To those still supporting Trump he says: “So, all y’all want to play this little game that Donald Trump is like you, you’re stupid. You’re being played. You’re getting punked. But what’s so bad about it is you’re complicit in your own punking.”

Republican Senator Ben Sasse recently criticized Trump for “the way he kisses dictators' butts. I mean, the way he ignores that the Uyghurs are in literal concentration camps in Xinjiang right now. He hasn't lifted a finger on behalf of the Hong Kongers. The United States now regularly sells out our allies under his leadership. The way he treats women and spends like a drunken sailor. The ways I criticized President Obama for that kind of spending, I've criticized President Trump for as well. He mocks evangelicals behind closed doors. His family has treated the presidency like a business opportunity. He's flirted with white supremacists."

Sasse also slammed Trump's response coronavirus — which has sickened more than 7.9 million Americans and killed more than 217,000 — saying that Trump’s leadership has not been "reasonable or responsible."

"The reality is that he careened from curb to curb,” Sasse says. “First, he ignored COVID. And then he went into full economic shutdown mode. He was the one who said 10 to 14 days of shutdown would fix this, and that was always wrong. So, I don't think the way he's led through COVID has been reasonable or responsible or right."
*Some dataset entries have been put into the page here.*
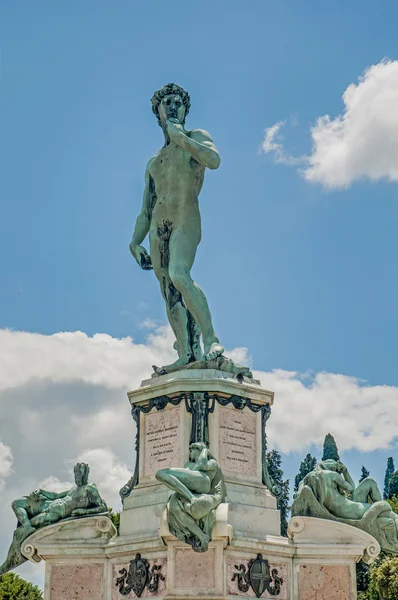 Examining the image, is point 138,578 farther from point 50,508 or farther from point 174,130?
point 174,130

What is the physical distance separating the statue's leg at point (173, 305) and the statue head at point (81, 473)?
7.11ft

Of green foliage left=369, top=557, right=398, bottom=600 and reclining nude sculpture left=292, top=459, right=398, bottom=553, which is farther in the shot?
green foliage left=369, top=557, right=398, bottom=600

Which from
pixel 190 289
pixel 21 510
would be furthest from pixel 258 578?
pixel 190 289

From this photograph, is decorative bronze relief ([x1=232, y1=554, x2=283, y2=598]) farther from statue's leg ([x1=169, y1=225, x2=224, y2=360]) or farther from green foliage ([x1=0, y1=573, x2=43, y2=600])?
green foliage ([x1=0, y1=573, x2=43, y2=600])

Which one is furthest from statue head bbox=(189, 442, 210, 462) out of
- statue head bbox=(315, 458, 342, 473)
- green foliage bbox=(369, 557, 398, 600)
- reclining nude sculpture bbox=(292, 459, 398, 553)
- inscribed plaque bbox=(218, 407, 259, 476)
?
green foliage bbox=(369, 557, 398, 600)

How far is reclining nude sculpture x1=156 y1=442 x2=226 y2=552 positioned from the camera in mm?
13359

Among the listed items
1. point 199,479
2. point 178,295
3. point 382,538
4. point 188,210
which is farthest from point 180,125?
point 382,538

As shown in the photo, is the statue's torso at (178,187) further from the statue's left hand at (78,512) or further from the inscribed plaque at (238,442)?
the statue's left hand at (78,512)

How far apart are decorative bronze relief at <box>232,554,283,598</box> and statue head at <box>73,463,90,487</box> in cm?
303

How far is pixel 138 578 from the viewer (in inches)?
564

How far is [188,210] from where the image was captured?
16859 mm

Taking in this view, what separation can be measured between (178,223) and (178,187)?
61 cm

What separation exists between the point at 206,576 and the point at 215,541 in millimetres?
486

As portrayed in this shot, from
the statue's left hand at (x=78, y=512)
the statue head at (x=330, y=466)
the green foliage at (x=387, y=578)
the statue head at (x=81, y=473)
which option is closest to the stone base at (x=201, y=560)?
the statue's left hand at (x=78, y=512) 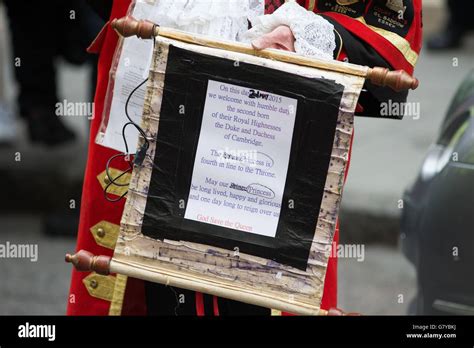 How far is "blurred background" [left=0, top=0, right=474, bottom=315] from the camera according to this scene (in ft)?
16.2

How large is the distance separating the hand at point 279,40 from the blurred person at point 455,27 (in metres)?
6.08

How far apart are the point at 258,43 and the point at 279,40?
0.29ft

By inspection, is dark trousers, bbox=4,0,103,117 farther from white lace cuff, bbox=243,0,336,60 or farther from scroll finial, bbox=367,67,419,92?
scroll finial, bbox=367,67,419,92

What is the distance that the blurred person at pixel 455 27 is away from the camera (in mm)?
8078

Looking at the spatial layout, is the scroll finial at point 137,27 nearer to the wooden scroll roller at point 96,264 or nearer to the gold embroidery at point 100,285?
the wooden scroll roller at point 96,264

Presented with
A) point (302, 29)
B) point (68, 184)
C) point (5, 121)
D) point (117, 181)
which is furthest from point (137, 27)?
point (5, 121)

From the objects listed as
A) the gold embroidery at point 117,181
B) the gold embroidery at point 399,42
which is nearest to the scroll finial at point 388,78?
the gold embroidery at point 399,42

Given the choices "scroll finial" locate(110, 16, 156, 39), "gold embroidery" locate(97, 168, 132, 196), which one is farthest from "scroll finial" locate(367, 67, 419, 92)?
"gold embroidery" locate(97, 168, 132, 196)

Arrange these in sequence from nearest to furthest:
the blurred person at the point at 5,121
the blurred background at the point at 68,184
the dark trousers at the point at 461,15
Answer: the blurred background at the point at 68,184 → the blurred person at the point at 5,121 → the dark trousers at the point at 461,15

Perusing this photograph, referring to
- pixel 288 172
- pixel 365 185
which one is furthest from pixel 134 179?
pixel 365 185

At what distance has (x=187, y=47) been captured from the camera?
7.17 feet

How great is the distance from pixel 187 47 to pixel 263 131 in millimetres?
253

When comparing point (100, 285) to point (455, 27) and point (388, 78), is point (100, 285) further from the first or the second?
point (455, 27)

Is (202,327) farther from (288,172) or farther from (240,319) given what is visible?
(288,172) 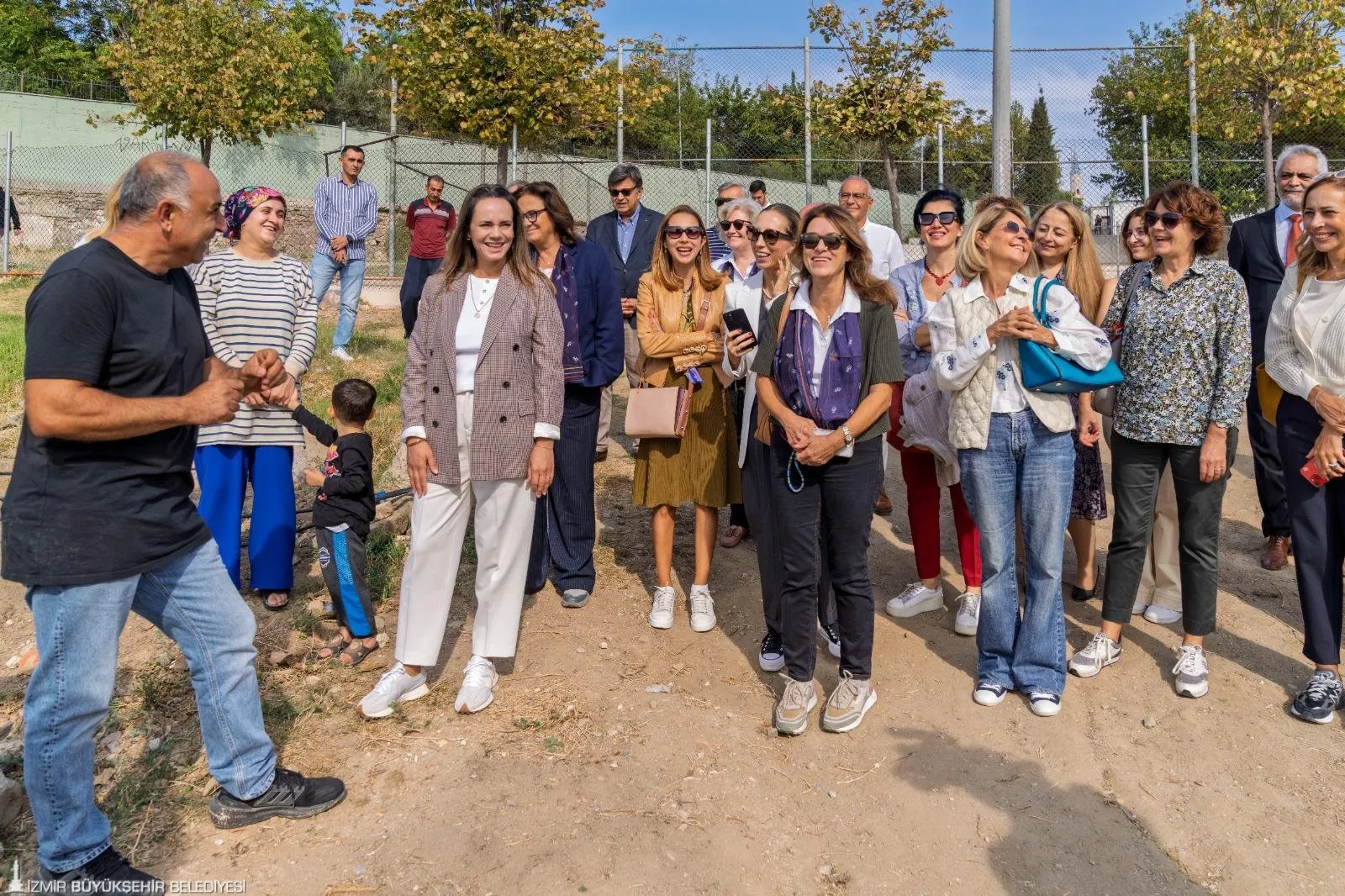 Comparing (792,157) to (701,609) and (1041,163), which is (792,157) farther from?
(701,609)

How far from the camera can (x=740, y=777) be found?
3.86 metres

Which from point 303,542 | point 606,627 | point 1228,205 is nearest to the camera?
point 606,627

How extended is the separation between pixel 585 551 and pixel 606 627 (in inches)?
18.8

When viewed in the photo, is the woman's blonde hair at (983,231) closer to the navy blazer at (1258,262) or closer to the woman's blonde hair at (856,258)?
the woman's blonde hair at (856,258)

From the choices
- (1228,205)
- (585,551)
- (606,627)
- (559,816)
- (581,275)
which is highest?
(1228,205)

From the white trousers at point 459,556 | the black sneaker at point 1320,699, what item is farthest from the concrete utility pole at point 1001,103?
the white trousers at point 459,556

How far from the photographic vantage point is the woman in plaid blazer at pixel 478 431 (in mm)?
4176

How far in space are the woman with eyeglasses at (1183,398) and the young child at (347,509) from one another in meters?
3.36

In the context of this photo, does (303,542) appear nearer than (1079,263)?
No

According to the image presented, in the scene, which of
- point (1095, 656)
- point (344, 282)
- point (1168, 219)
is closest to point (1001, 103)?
point (1168, 219)

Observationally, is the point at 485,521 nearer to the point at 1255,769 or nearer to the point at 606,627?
the point at 606,627

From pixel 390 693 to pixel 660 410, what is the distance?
1862 mm

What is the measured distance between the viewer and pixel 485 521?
14.0 ft

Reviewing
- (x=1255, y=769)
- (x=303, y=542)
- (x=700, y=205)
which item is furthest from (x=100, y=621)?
(x=700, y=205) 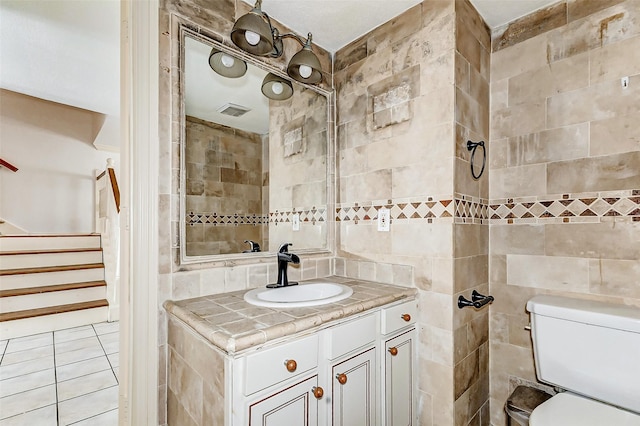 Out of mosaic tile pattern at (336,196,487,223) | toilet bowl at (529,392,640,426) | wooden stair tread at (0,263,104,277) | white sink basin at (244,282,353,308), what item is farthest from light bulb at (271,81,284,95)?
wooden stair tread at (0,263,104,277)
Other prominent republicans who oppose Trump: Former Secretary of State Colin Powell; former Secretary of Defense Chuck Hagel; former Secretary of Defense William Cohen; former Special Assistant to the President Peggy Noonan; former Secretary of Homeland Security Tom Ridge; former EPA Director Christine Todd Whitman . . .

The list goes on, and on.

More than 70 former senior Republican national security officials and 60 additional senior officials have signed on to a statement declaring, "We are profoundly concerned about our nation's security and standing in the world under the leadership of Donald Trump. The President has demonstrated that he is dangerously unfit to serve another term."

A group of former senior U.S. government officials and conservatives—including from the Reagan, Bush 41, Bush 43, and Trump administrations have formed The Republican Political Alliance for Integrity and Reform (REPAIR) to, "focus on a return to principles-based governing in the post-Trump era."

A third group of Republicans, Republican Voters Against Trump was launched in May 2020 and has collected more than 500 testimonials from Republicans opposing Donald Trump.

They’re all pointing out what is painfully obvious. It’s time to get rid of Donald Trump and start healing our nation.